Where to Send Valid Collection Complaints
If you have ever had the displeasure of dealing with a collection agency, you likely ended up with some serious consumer complaints about the practices employed by debt collectors. If the collection agency holding your account, however, is participating in illegal collection activity, it is important that you report these practices immediately. If enough consumer collection complaints are levied against a collection agency, they may face a hefty fine or even lose their business license.
Ensure That Your Collection Complaints are Valid
Unfortunately, “the debt collector was rude” isn’t a valid collection complaint. A collection complaint can only be valid if the individual making the allegation has been a victim of illegal debt collection practices. If you’re curious about what is and is not legal behavior for a debt collector, head over to the Federal Trade Commission’s website and read The Fair Debt Collection Practices Act (FDCPA). This document is fairly easy to read and not packed with all the convoluted legal jargon that peppers most legal documents. The FDCPA outlines exactly what constitutes illegal behavior for a debt collector. Here are some examples of valid collection complaints due to illegal activity:
- The debt collector cursed at you on the phone.
- Debt collectors are calling your family or work repeatedly and telling others about your debt.
- A collection agency sent a collection letter to your house and the return address in the top left-hand corner of the envelope made it clear to anyone who may have seen the letter that it was from a debt collector.
- A debt collector threatened to sue you and take your home away, when your state does not permit private creditors to legally enforce judgments or the debt is outside of your state’s statute of limitations.
- You have sent a cease and desist letter to the collection agency demanding that it stop contacting you and your letter has been ignored.
- You requested a debt validation. The debt validation request has been ignored and the collection agency continues to contact you (collection activity must cease until a debt is properly validated).
- The date has been changed on the collection account that appears on your credit report in order to ensure that it remains on the report for longer than is legal.
Send Collection Complaints to the Federal Trade Commission
The Federal Trade Commission (FTC) is responsible for regulating business activity in the U.S. - including the business activity of collection agencies. If you know that you have been the victim of illegal debt collection practices and believe that you have a valid collection complaint regarding those practices, you may report the collection agency that violated the FDCPA to the FTC.
Unfortunately, the FTC will not work to resolve your particular collection complaint. Rather, the FTC keeps a log of all of the complaints it receives on a company. If the collection complaints for one particular collection agency regarding a certain type of illegal debt collection method pile up, the FTC will investigate.
Don’t let this lead you to believe that complaining to the FTC is a lost cause. It isn’t.
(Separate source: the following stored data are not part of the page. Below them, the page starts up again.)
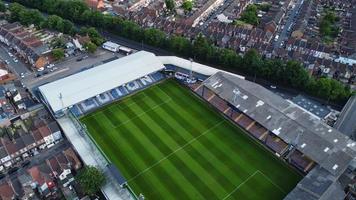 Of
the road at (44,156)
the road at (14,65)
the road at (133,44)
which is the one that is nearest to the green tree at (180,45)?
the road at (133,44)

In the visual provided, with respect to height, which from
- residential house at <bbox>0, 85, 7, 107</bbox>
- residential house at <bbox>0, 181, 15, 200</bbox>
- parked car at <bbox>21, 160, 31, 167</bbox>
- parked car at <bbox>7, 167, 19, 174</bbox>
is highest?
residential house at <bbox>0, 85, 7, 107</bbox>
In 2004, NCO Group, the nation’s largest collection corporation, was forced to pay a fine of $1.5 million dollars due to the results of an FTC investigation that revealed that NCO group was re-aging consumer accounts. The goal, of course, was to cause the derogatory accounts to linger on consumer credit reports for much longer than is legal. The FTC, however, would have had no way of knowing this type of behavior was going on without valid collection complaints about the practice from consumers.
Other Options for Complaining About Debt Collectors
In most cases, the threat of reporting a business to the Better Business Bureau (BBB) is enough to straighten the company out and reach an amicable solution to whatever problem you are having. Most collection agencies, however, are not BBB members. Membership in the BBB serves no purpose for a collection agency, since it is guaranteed a low score from the very beginning just by the nature of the work that it does. In addition, membership in the BBB would force a collection agency to submit to BBB arbitration with collection complaints were made - something that no collection agency would be willing to do.
You do, however, have the option to sue the collection agency for any FDCPA violations it committed as long as the lawsuit is filed within one year of the occurrence. In many cases, simply threatening to file a lawsuit is enough to make debt collectors quietly disappear, since they often know when their behavior puts their employer in jeopardy. If you intend to sue, you don’t need an attorney, but you do need solid documentation of any FDCPA violations that occurred. Lawsuits, after all, are the ultimate valid collection complaint.
Disclaimer: I am not an attorney and this is not to be taken as legal advice. See a licensed attorney in your state for guidance specific to your situation.